What is needed is a word-for-word copy of the lines below from the one with "库巴西助巴萨三战全胜荣膺西甲四月最佳U23球员称号" through the one with "Stinging Jay feat.", both included, with every picture left out.

#### [SUPPLIED MATERIAL]
>>>>
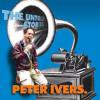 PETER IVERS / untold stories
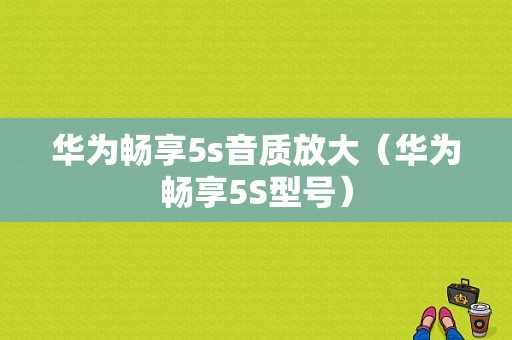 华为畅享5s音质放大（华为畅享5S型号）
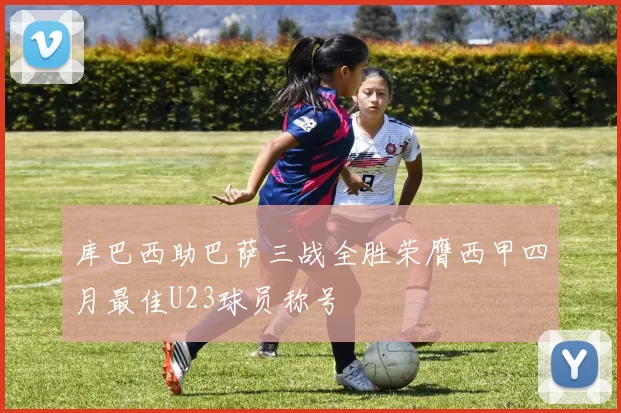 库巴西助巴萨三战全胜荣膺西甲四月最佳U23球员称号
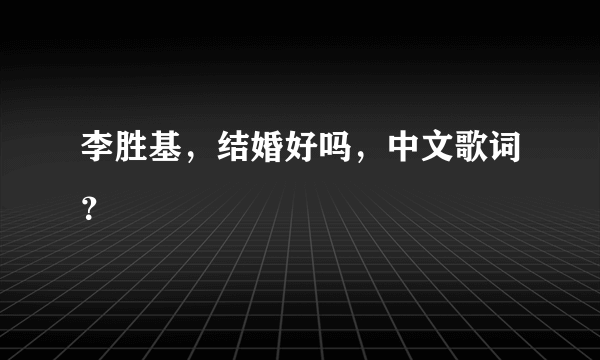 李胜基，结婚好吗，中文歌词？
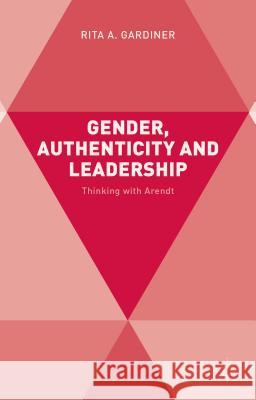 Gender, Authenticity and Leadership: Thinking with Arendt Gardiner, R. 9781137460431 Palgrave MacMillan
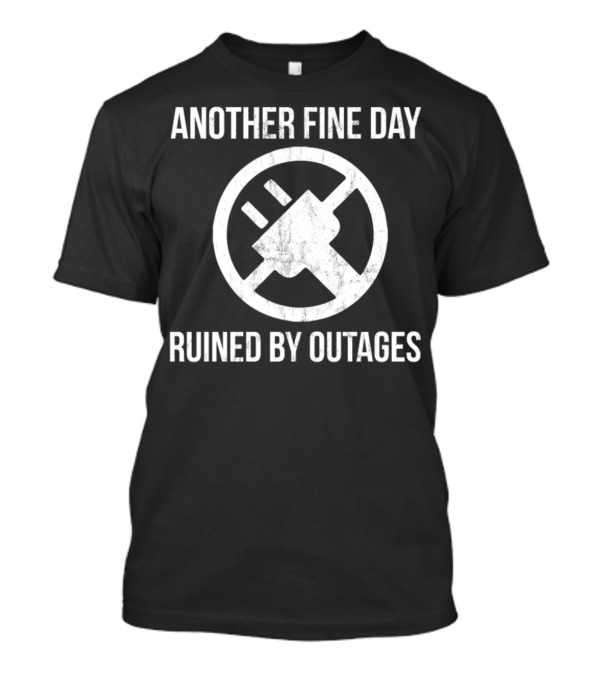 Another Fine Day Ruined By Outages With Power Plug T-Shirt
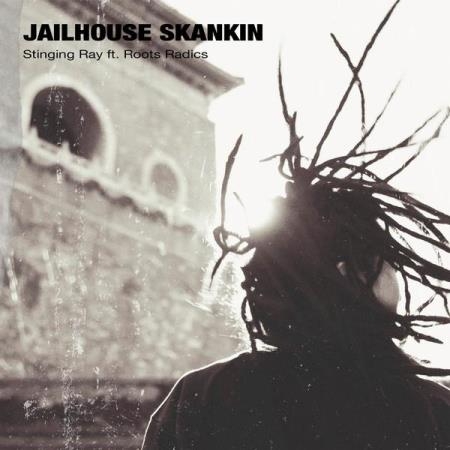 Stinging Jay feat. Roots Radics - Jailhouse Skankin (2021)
<<<<
>>>>
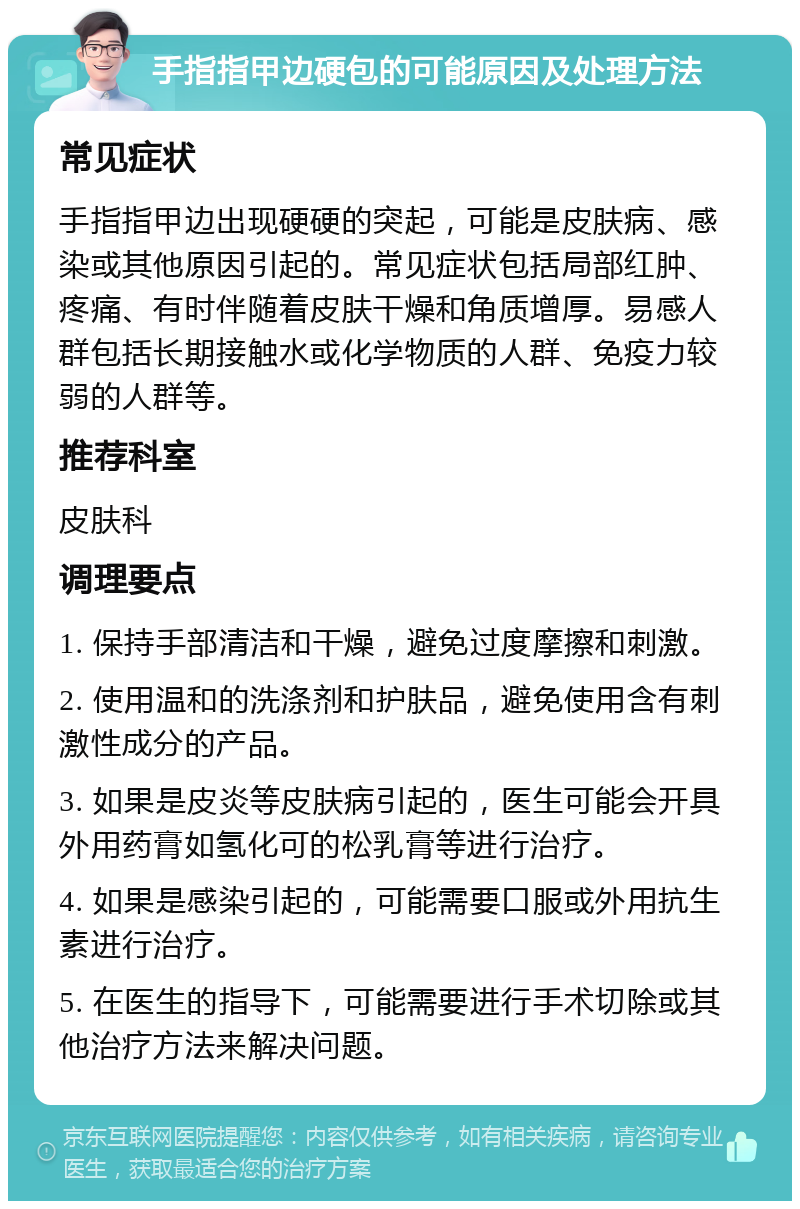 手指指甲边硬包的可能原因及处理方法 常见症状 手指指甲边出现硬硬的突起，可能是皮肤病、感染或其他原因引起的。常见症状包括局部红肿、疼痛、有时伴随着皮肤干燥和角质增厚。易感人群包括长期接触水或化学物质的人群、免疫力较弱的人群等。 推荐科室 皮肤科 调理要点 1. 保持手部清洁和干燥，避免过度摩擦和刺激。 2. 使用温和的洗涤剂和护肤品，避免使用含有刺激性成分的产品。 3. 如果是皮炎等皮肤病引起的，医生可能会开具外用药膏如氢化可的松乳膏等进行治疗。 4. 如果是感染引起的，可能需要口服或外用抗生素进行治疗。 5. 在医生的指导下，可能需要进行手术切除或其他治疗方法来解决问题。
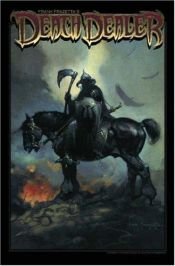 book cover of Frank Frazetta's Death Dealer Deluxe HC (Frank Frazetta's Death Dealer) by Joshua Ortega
<<<<
#### [RESPONSE AREA]
 库巴西助巴萨三战全胜荣膺西甲四月最佳U23球员称号
 李胜基，结婚好吗，中文歌词？
 Gender, Authenticity and Leadership: Thinking with Arendt Gardiner, R. 9781137460431 Palgrave MacMillan
 Another Fine Day Ruined By Outages With Power Plug T-Shirt
 Stinging Jay feat. Roots Radics - Jailhouse Skankin (2021)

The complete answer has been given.